Figure 1: Dodge City, Kansas area and downwind region of unusual snow event. Source: National Weather Service.

By J. Marshall Shepherd and Thomas L. Mote, University of Georgia

Introduction

If you do not think human activities can create or alter snowfall patterns, then consider the events of Jan. 19, 2011 in Dodge City, Kansas. The National Weather Service documented an unusual weather pattern that caused a very narrow band of snow downwind of Dodge City (Fig. 1). The NWS website states that “the atmosphere was cold and moist with low clouds and fog preceding the formation of the snow. It appears that two slaughter plants and a power generating plant (upwind of the region) contributed to the snow as ice nuclei and copious amounts of water vapor were fed into the boundary layer. East/southeast winds carried the vapor and nuclei aloft into the lower clouds and then precipitated out as snow downwind of the source. Snowfall of as much as 0.7″ was reported in the snowfield with no snow observed at all outside of this area.” The band of snowfall is quite evident in the Doppler radar image at 11:24 local time (Fig. 2a) and in a subsequent satellite image of snow cover (Fig. 2b).
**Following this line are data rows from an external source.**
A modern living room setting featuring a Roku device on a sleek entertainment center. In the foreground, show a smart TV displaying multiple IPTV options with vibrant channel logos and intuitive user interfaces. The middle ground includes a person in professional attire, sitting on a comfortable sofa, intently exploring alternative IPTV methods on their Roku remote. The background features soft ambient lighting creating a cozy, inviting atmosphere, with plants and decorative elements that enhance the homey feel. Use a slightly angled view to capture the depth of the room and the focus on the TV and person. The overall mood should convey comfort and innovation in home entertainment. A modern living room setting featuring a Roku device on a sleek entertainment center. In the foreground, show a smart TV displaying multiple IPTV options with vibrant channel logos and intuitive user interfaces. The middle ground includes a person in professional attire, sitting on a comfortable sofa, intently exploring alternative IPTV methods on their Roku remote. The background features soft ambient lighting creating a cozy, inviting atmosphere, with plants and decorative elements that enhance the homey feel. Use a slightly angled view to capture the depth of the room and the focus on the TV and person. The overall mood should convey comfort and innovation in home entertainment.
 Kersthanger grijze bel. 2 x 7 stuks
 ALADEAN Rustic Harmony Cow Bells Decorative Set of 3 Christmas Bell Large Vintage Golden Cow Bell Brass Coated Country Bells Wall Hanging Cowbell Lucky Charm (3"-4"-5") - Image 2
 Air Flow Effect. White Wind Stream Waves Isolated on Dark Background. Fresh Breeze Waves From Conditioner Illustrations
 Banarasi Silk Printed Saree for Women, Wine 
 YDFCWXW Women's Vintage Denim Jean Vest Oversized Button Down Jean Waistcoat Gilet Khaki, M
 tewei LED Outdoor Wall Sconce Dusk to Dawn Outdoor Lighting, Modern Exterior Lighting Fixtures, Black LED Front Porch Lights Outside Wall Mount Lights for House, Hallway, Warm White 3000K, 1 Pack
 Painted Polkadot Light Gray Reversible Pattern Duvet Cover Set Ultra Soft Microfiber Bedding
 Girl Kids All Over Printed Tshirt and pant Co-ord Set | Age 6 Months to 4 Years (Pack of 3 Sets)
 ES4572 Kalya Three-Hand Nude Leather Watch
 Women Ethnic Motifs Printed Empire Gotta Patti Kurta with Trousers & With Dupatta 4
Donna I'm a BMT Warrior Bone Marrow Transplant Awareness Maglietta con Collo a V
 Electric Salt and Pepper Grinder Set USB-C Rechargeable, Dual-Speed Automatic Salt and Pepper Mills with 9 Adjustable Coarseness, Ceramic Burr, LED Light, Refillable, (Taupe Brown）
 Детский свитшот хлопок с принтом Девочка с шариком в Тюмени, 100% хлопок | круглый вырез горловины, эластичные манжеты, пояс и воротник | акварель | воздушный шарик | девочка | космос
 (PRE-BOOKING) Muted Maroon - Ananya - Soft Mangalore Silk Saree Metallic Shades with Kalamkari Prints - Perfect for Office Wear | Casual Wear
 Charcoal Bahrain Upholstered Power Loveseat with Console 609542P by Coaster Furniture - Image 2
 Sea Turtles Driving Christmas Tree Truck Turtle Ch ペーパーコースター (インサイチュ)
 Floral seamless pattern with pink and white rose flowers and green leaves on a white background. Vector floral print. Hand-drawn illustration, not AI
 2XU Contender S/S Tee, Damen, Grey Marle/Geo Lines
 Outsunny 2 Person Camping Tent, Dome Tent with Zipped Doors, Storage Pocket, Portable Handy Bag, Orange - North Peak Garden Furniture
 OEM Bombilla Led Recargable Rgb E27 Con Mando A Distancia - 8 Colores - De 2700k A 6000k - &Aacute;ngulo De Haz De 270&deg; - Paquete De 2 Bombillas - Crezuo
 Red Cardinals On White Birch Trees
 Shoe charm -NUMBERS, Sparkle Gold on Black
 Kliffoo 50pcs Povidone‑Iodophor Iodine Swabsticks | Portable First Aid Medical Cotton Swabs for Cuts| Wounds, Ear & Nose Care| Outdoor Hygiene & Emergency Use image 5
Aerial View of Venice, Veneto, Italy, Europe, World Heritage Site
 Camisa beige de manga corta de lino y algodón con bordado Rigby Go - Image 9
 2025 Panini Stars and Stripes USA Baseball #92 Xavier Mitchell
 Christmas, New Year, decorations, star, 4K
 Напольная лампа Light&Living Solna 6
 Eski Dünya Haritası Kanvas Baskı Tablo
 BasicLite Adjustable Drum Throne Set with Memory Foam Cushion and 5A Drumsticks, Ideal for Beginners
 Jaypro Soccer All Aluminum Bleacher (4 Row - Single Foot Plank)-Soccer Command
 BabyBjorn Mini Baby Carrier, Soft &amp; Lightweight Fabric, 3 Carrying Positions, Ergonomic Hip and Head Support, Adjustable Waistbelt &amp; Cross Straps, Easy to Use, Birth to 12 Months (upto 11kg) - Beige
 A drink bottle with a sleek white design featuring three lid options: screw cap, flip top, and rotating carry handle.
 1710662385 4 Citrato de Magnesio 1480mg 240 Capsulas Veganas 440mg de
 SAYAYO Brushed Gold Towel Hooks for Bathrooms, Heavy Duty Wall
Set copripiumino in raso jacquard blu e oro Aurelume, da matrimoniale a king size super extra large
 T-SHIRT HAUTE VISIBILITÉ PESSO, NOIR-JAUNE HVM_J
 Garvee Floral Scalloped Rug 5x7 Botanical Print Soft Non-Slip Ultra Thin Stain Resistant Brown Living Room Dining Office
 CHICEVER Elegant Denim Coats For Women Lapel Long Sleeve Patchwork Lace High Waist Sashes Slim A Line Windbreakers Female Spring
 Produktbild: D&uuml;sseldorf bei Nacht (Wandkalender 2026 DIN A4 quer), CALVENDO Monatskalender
While “pork or beef flavored snowflakes” may seem unusual, inadvertent modification of precipitation systems is not uncommon. While the climate change discussion is dominated by greenhouse gas forcing and its effects, the IPCC [1] noted a growing interest in understanding what role urban land cover/land use and pollution have on climate change. Cities in themselves modify weather and climate at scales ranging from local to global [2].

The most comprehensively studied effect of the built environment on climate is the urban heat island(UHI). While the UHI is relatively well understood, urban effects on the precipitation and storms still require additional scientific interrogation. There is renewed and spirited debate on how the urban environment affects rainfall variability. Possible mechanisms for an urban impact on rainfall or convection include one or a combination of the following: (1) enhanced convergence due to increased surface roughness from buildings in the urban environment; (2) destabilization due to UHI-thermal perturbation of the boundary layer and resulting downstream translation of the UHI circulation or UHI-generated convection; (3) enhanced aerosols in the urban environment for cloud condensation nuclei sources; and (4) bifurcating or diverting of precipitating systems by the urban canopy or related processes.

Figure 2: Dodge City unusual snow event. (a.) radar image at 1124 LST and (b) satellite image after the event. Source: National Weather Service.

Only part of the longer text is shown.